_Materials provided_
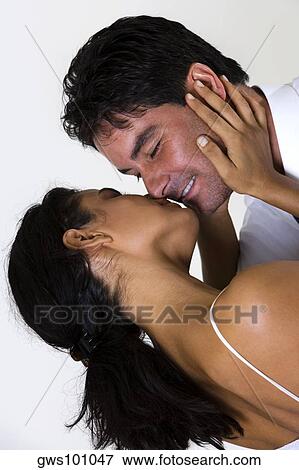 Rear view of a young woman kissing a mid adult man View Large Photo Image Stock Photo - Rear view of a young woman kissing a mid adult man. Fotosearch
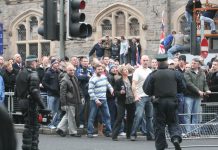 Loyalists opposed to the Sinn Féin protest parade against the British army in Belfast
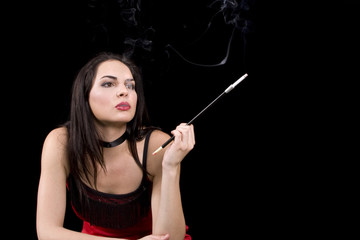 Attractive brunette woman smoking a cigarette through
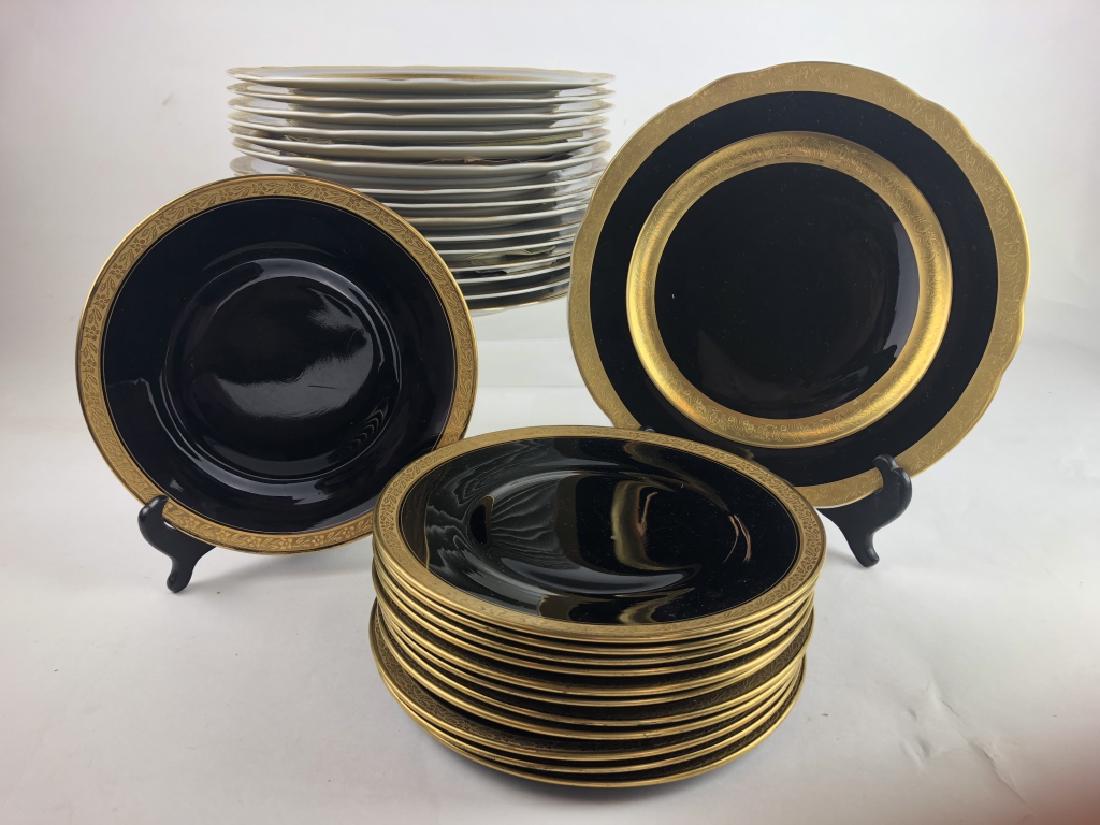 Stunning Set of Black Plates w/ Gold Trim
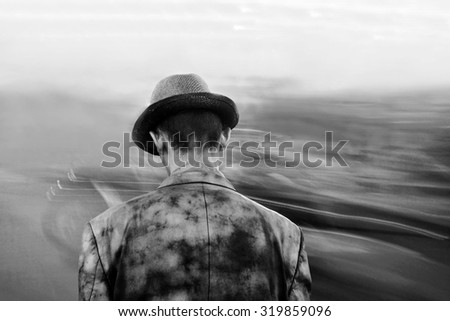 lonely strange man on blurred background, black and white image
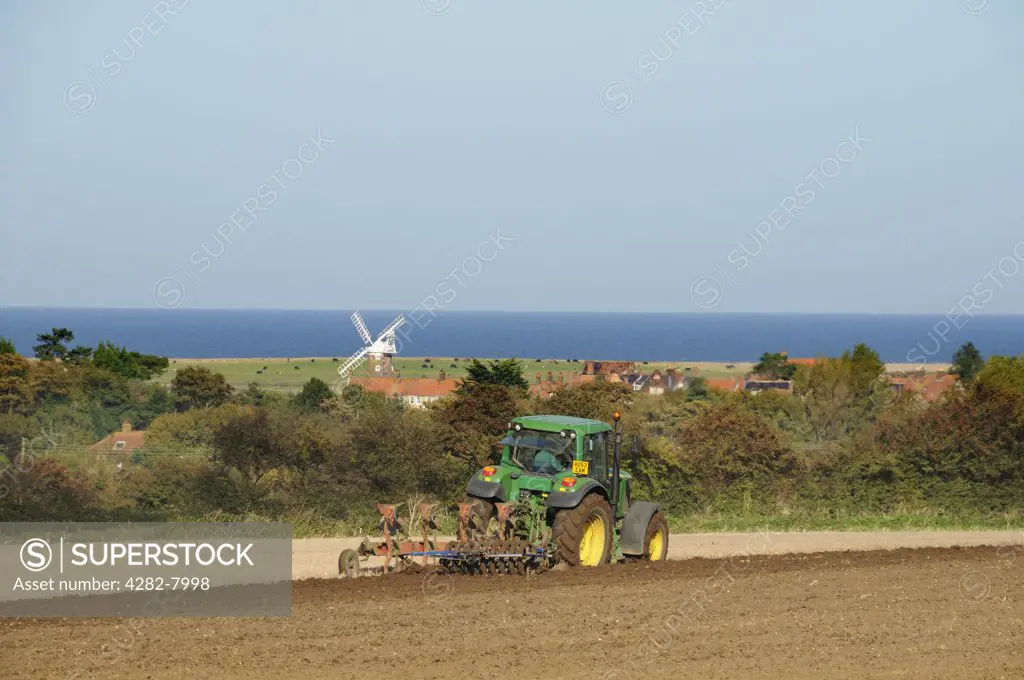 England, Norfolk, Weybourne. Tractor with combined plough and disc harrow on coastal farmland with Cley windmill in the distance.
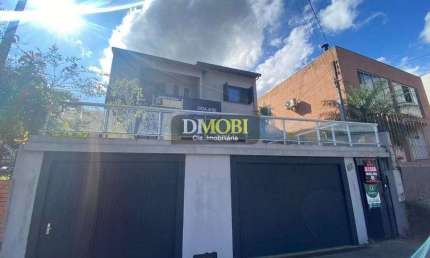 Sobrado com 4 dormitórios para alugar, 190 m² por R$ 5.460,00/mês - Oriço - Gravataí/RS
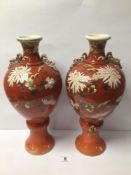 A PAIR OF LARGE EARLY 20TH CENTURY SATSUMA VASES PAINTED CHRYSANTHEMUMS ON IRON RED GROUND, 41CM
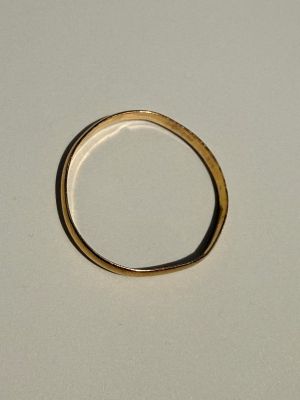 une bague en or posée sur une surface blanche, sur fond blanc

_Work task_
Print the whole listing again exactly, please. No pictures.

_Response for this exercise_
 Rear view of a young woman kissing a mid adult man View Large Photo Image Stock Photo - Rear view of a young woman kissing a mid adult man. Fotosearch
 Loyalists opposed to the Sinn Féin protest parade against the British army in Belfast
 Attractive brunette woman smoking a cigarette through
 Stunning Set of Black Plates w/ Gold Trim
 lonely strange man on blurred background, black and white image
 England, Norfolk, Weybourne. Tractor with combined plough and disc harrow on coastal farmland with Cley windmill in the distance.
 Sobrado com 4 dormitórios para alugar, 190 m² por R$ 5.460,00/mês - Oriço - Gravataí/RS
 A PAIR OF LARGE EARLY 20TH CENTURY SATSUMA VASES PAINTED CHRYSANTHEMUMS ON IRON RED GROUND, 41CM
 une bague en or posée sur une surface blanche, sur fond blanc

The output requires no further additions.